ASSIGNMENT :: Excluding pictures, give the entries again exactly as they appear.

EXTRACTED RECORDS ::
###

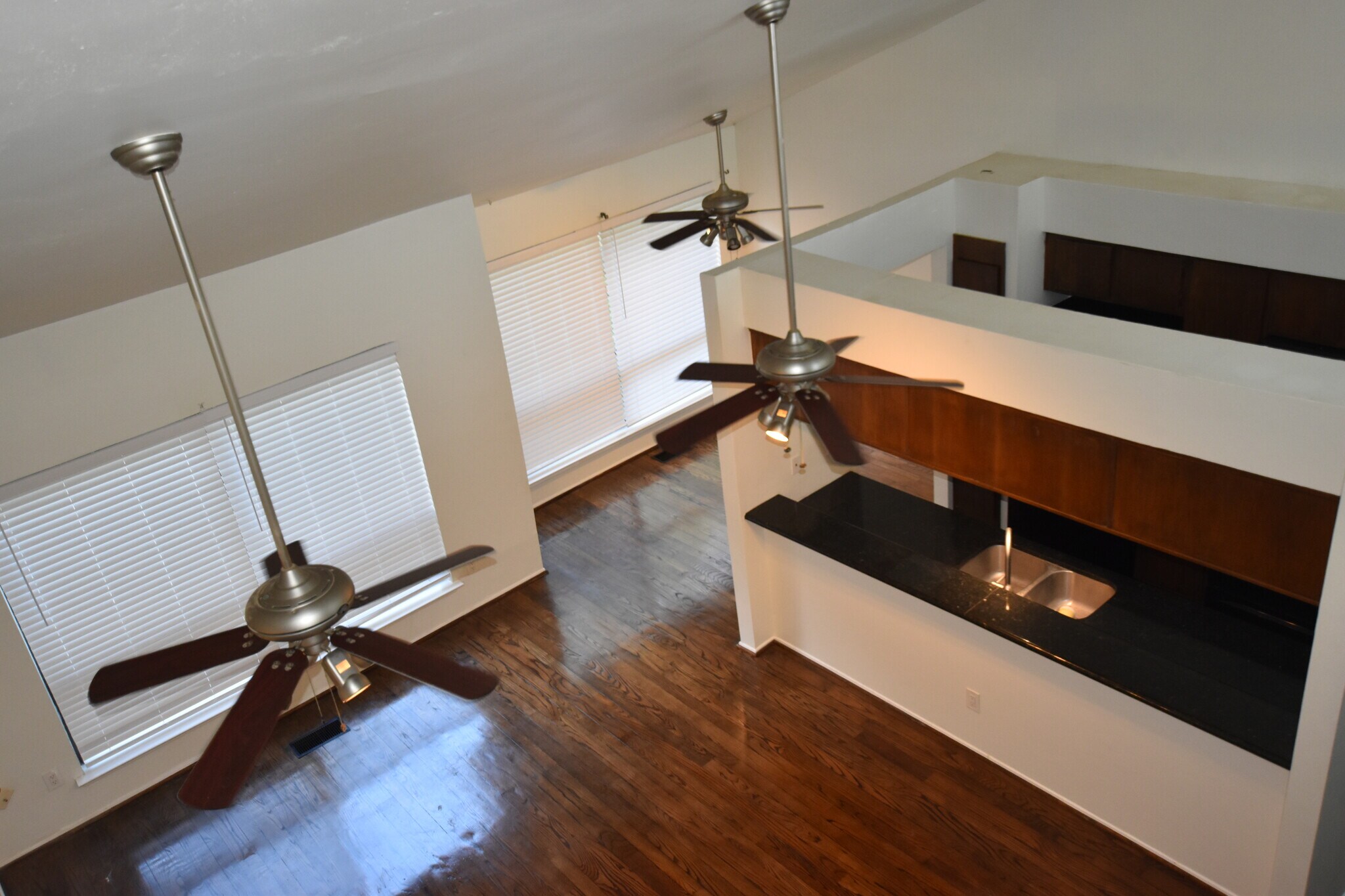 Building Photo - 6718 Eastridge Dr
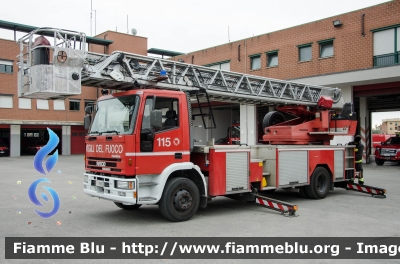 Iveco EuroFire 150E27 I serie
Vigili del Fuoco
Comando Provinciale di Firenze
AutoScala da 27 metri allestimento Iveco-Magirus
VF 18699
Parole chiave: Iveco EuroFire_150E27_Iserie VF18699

###

EXERCISE ANSWER ::
 Building Photo - 6718 Eastridge Dr
 Iveco EuroFire 150E27 I serie
Vigili del Fuoco
Comando Provinciale di Firenze
AutoScala da 27 metri allestimento Iveco-Magirus
VF 18699
Parole chiave: Iveco EuroFire_150E27_Iserie VF18699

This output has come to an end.